Kendall's \(\tau_K\)

  • Kendall's \(\tau_K\) is a measure of monotonicity between X and Y
  • Let two pairs of random variables \((X_1,Y_1)\) and \((X_2,Y_2)\) be independent random vectors with the same distribution as \((X,Y)\)
  • The pairs \((X_1,Y_1)\) and \((X_2,Y_2)\) are concordant or discordant if \[ \operatorname{sign}\{ (X_1-X_2)(Y_1-Y_2) \} = 1 \hspace{1cm}\text{or}\hspace{1cm} \operatorname{sign}\{ (X_1-X_2)(Y_1-Y_2) \} = -1 \]
  • Concordant pairs are indicative of increasing monotonicity between \(X\) and \(Y\)
  • Discordant pairs indicate decreasing monotonicity \[ \tau_K = P\left( \text{concordant} \right) - P\left( \text{discordant} \right)\]
  • If \(X\) and \(Y\) are independent then \(\tau_K = 0\)
  • If \(\tau_K = 0\) then \(X\) and \(Y\) are dependent

Kendall's \(\tau_K\)

  • Using a random sample \((X_1,Y_1),(X_2,Y_2),\dots,(X_n,Y_n)\)
  • Estimator: count the number of concordant pairs and subtract from that the number of discordant pairs
  • In standardized form \[ \widehat{\tau}_K = {n \choose 2}^{-1} \sum_{i < j} \operatorname{sign} \{ (X_i-X_j)(Y_i-Y_j) \} \]
  • Tests of the hypotheses can be based on the exact finite sample distribution

Spearman \(\rho_S\)

  • Random sample \((X_1,Y_1),(X_2,Y_2),\dots,(X_n,Y_n)\)
  • Denote by \(\operatorname{R}(X_i)\) the rank of \(X_i\) among \(X_1,X_2,\dots,X_n\)
  • Denote by \(\operatorname{R}(Y_i)\) as the rank of \(Y_i\) among \(Y_1,Y_2,\dots,Y_n\)
  • Estimate of \(\rho_S\) is the sample correlation coefficient \[ r_S = \frac{\sum_{i=1}^n \left(\operatorname{R}(X_i)-((n+1)/2))(\operatorname{R}(Y_i)-((n+1)/2)\right)}{n(n^2-1)/12} \]
  • We accept \(HA:\) \(X\) and \(Y\) are dependent for large values of \(|r_S|\)
  • This test can be carried out using the exact distribution

The Geometry of Linear Models

  • Setup the following linear model (for \(i = 1,\dots,n\)) \[ Y_i = x_i^T \boldsymbol{\beta} + e_i^* \] where \(\boldsymbol{\beta}\) is a \(1 \times p\) vector of unkown parameters
  • \(\boldsymbol{\beta}\) are the parameter of interst
  • Center (usually using the median \(T(e_i^*) = \alpha\)) the errors \(e_i = e_i^* - \alpha\) \[ Y_i = \alpha + \boldsymbol{x}_i \boldsymbol{\beta} + e_i\]
  • Let \(f(t)\) be the pdf of the erros \(e_i\)
  • Assumption: \(f(t)\) can be either asymmetric or symmetric depending on whether signs or ranks are used
  • The intercept \(\alpha\) is independent of the slope \(\boldsymbol{\beta}\)

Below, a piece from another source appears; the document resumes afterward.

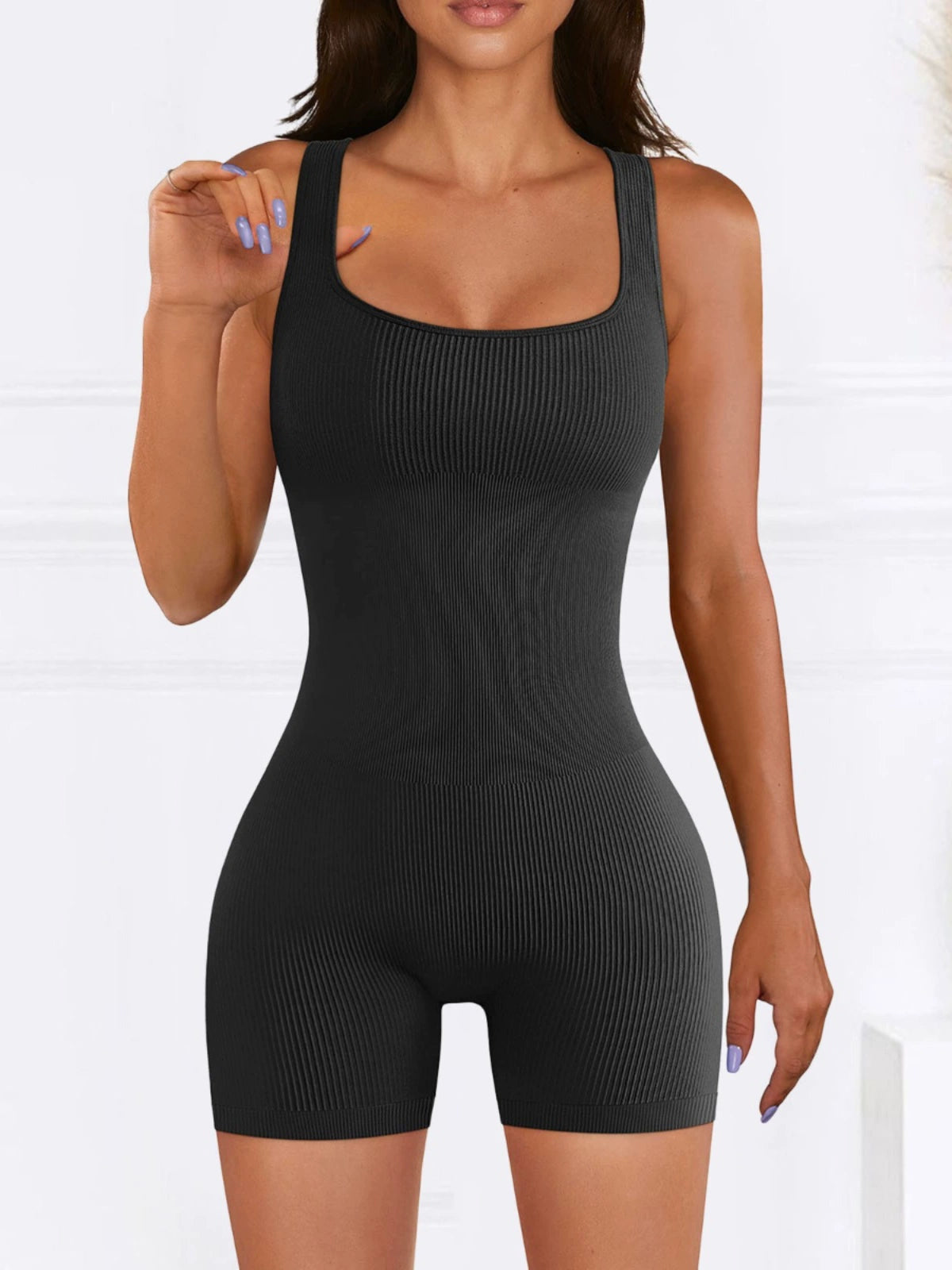 Ultimate Comfort Sleeveless Yoga Bodysuit - One-Piece Shorts & Vest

The Geometry of Linear Models

  • Let \(\boldsymbol{Y} = (Y_1,\dots,Y_n)^T\) denote the \(n \times 1\) vector of observations
  • Let \(\boldsymbol{X}\) denote the \(n × p\) matrix with rows \(x^T_i\)
  • Then we can write the linear model in matrix form: \[ \boldsymbol{Y} = \boldsymbol{1}\alpha + \boldsymbol{X}\boldsymbol{\beta} + \boldsymbol{e} \]
  • \(\boldsymbol{X}\) is centered (that's fine since we have \(\alpha\) in the model), and assume \(\boldsymbol{X}\) is full column rank
  • Let \(\Omega_F\) be the column space spanned by coluns of \(\boldsymbol{X}\)
  • So we can rewrite the linear model as (coordinate-free because not restricited to any specific basis vectors) \[ \boldsymbol{Y} = \boldsymbol{1}\boldsymbol{\beta} + \boldsymbol{\eta} + \boldsymbol{e} \] with \(\boldsymbol{\eta} = \Omega_F\)

The Geometry of Linear Models

  • Now we can estimate \(\boldsymbol{\beta}\)
  • And test hypothesis \[ H_0: \boldsymbol{M}\boldsymbol{\beta} = 0 \hspace{2cm} H_A: \boldsymbol{M}\boldsymbol{\beta} \ne 0 \]
  • \(\boldsymbol{M}\) is a \(q \times p\) matrix of full rank

The Geometry of Estimation

\[ \boldsymbol{Y} = \boldsymbol{1}\boldsymbol{\beta} + \boldsymbol{\eta} + \boldsymbol{e} \hspace{1cm}\text{with}\hspace{1cm} \boldsymbol{\eta} = \Omega_F\]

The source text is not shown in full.